The book lightly criticizes charity and donors who set agendas for tackling crises, drawn into assisting others while seeking credit. Organizations and donors judge needs while victims can only wait and accept whatever is given. Of course, after the earthquake, Haitians required safe shelter, clean water and nutrition, yet what should be so easy, supplying basics, becomes overwhelming. And of course, individuals have needs and priorities less obvious to others – a photograph of a loved one, bones of a deceased husband, the fading memories of a child’s pattering footsteps, giggles and final kiss.

One of the most vulnerable narrators, a woman who loses three children refers to NGOs as Not God’s Own. The tent where she lives after the quake includes a label, “A gift from the American people … in association with the Republic of Ireland” and she finds herself regretting dreams and plans made with a husband who abandoned her after the tragedy. “She wished they had other things in mind, escape routes and exit strategies. They’d set their eyes on nothing but a future in which everything would go according to a fabricated plan that they believed in more than in reality itself – or that amplified it.”

Globalization of news, the instant knowledge about a distant crisis, might catch attentions briefly and that invites comparisons. Not long after the tragedy, one of the narrators, an architect, receives an email about an earthquake in the Italy and the loss of 200,000 rounds of pecorino. Activists quickly organize a global campaign to cook Italian recipes and donate proceeds to the region. “It was a kind objective, a goodwill gesture, but reading about it only made me sigh wearily,” notes Anne. “For every round of cheese, a person had died in the Haiti earthquake, and now I was expected to respond to this regional calamity while still burying our dead as if I, and others, might be ‘over’ what had happened to us….”

Still, the architect flounders in helping her hometown and leaves for Africa, later putting her energy to entering an international competition for rebuilding a Haitian cathedral near her neighborhood. She cares deeply about the project, describing the luxury of researching the history, exploring and imagining new beauty, while deciding whether her goal in creating a replacement is to commemorate the dead or recognize what remains.
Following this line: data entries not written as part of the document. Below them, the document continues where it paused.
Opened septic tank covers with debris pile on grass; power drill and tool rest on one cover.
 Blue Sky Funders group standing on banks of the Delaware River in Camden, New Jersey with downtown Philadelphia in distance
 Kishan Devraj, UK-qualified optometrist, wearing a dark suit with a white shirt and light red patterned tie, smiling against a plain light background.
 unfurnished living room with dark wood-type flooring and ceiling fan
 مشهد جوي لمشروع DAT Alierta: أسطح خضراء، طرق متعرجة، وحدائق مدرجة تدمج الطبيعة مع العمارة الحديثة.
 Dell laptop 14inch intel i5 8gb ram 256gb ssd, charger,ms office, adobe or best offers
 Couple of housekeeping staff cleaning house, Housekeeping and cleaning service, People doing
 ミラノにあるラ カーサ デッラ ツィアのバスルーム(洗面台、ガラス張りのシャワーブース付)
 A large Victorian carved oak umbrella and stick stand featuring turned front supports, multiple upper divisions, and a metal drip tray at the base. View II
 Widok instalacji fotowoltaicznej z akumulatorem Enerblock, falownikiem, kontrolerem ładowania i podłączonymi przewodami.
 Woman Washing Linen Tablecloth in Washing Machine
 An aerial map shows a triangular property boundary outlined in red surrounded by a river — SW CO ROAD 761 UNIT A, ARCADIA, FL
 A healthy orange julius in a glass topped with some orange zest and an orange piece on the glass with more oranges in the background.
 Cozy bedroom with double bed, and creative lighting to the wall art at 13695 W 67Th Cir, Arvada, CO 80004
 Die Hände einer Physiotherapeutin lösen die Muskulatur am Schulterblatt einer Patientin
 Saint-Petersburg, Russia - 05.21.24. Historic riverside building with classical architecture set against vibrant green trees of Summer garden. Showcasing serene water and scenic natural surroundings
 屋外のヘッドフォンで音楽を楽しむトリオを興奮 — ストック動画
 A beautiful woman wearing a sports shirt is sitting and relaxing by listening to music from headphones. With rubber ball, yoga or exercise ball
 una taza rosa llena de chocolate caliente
Her section concludes: “I did it for the satisfaction of doing something, of imagining a better, less hostile future, where a God might still exist to watch over us.”

As pointed out in Allure of Deceit, no amount of rules and regulations can prevent the ambition, greed, judgment, control, or inequality that can accompany organized charitable giving. 

The publication of What Storm, What Thunder, a work of fiction, was timely as another earthquake, magnitude 7.2, struck Haiti in August 2021, about 70 miles away from the capital, destroying more than 60,000 homes and killing more than 2,000 and injuring 12,000.